The Abbott government’s move to increase fuel excise duties without legislation raises questions of legitimacy -- it’s not just about the way they are doing it, but also about the principle of automatically indexing a tax.

There is no doubt that the method is tricky and flies in the face of the principle of no taxation without representation. The government is risking the wrath of the electorate not just by increasing something as sensitive as the cost of fuel, but also by doing it in such a tricky way. They can say that what they are doing is legal and that legislation will still ultimately be needed to validate their action, but the mechanism they are using was not put there as a way of circumventing Senate obstruction, however frustrating that may be.

Turning to the principle of indexation, there is no textbook answer as to whether this is right or wrong. There is no principle of sound taxation that says the real value of an excise duty should be preserved through automatic indexation to the consumer price index. Whether it is done or not really comes down to how desperate governments are for more revenue.

Indexation was adopted in 1983 as a pragmatic measure by a Labor government that was scraping the barrel to shrink the budget deficit. It was abandoned (for fuel only, not for tobacco and alcohol) by the Howard government in 2001, when the budget was in surplus and in the midst of heightened public angst about petrol prices. Now, the Abbott government wants to reinstate indexation because shrinking the budget deficit is again a high priority.

Automatic indexation of excise duties is popular with economists who want the government to raise more revenue to pay for expenditure programs. But those who like their government lean and mean see automatic indexation as making it too easy to finance the growth of government spending. According to this view, if any government thinks excise duties should keep pace with inflation, they should introduce legislation with each year’s budget to increase the rates of duty. This is more open and subjects the process to parliamentary scrutiny -- which is exactly what governments don’t want.

It should also be said that there is a glaring inconsistency between indexing excise duties for inflation but not indexing thresholds in the personal income tax scale. Failure to index thresholds results in bracket creep -- the tax increase by stealth. If the government was defending the principle of indexation rather than being pragmatic about maximising revenue, it would be consistent.

The government would lose a lot more through indexation of tax thresholds than it gains through indexation of excise duties, but that is where the principle leads. Indexing one but not the other is a ‘heads you lose, tails I win’ outcome.

Nobody should be lulled into accepting the fuel excise indexation because “it’s just half a cent a litre.” If the practice becomes re-established, the cumulative effect will be substantial. Had indexation not been terminated in 2001, a litre of petrol would cost about 17 cents more now than we are actually paying and the government would be raking in an extra $8 billion a year.
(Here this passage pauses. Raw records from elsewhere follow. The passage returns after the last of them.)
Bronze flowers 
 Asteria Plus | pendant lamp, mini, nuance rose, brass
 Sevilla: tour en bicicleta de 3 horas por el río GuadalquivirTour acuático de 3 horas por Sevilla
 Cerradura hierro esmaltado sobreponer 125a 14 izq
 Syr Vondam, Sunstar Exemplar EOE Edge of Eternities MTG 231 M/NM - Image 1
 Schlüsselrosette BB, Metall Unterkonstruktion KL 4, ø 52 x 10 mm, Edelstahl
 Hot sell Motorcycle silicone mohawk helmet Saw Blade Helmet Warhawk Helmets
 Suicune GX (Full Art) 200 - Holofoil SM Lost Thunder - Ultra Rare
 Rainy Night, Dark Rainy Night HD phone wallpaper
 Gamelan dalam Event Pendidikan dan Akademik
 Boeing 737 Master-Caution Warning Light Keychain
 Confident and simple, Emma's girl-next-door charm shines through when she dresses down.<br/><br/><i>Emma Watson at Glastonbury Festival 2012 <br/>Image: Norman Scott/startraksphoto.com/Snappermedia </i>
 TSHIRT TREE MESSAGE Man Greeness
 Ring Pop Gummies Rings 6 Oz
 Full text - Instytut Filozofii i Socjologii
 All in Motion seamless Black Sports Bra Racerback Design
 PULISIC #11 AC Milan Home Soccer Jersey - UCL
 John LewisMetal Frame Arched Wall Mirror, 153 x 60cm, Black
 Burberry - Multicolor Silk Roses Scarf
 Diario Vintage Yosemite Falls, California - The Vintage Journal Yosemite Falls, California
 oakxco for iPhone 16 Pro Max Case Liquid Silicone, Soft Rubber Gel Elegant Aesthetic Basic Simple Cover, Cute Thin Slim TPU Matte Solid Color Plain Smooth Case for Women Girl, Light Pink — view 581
That doesn’t mean the deficit would be $8 billion less, because governments with more money at their disposal would have committed to spend more on something along the way.

Until such time as the government is consistent and introduces automatic indexation of income tax thresholds (and don’t hold your breath waiting for that), I would prefer to see them have to front up to parliament every time they want to increase excise duties. That goes for alcohol and tobacco as well as fuel. And if they can’t get the parliament to agree, that should be the end of the matter -- no tricks please.

Robert Carling is senior research fellow at the Centre for Independent Studies.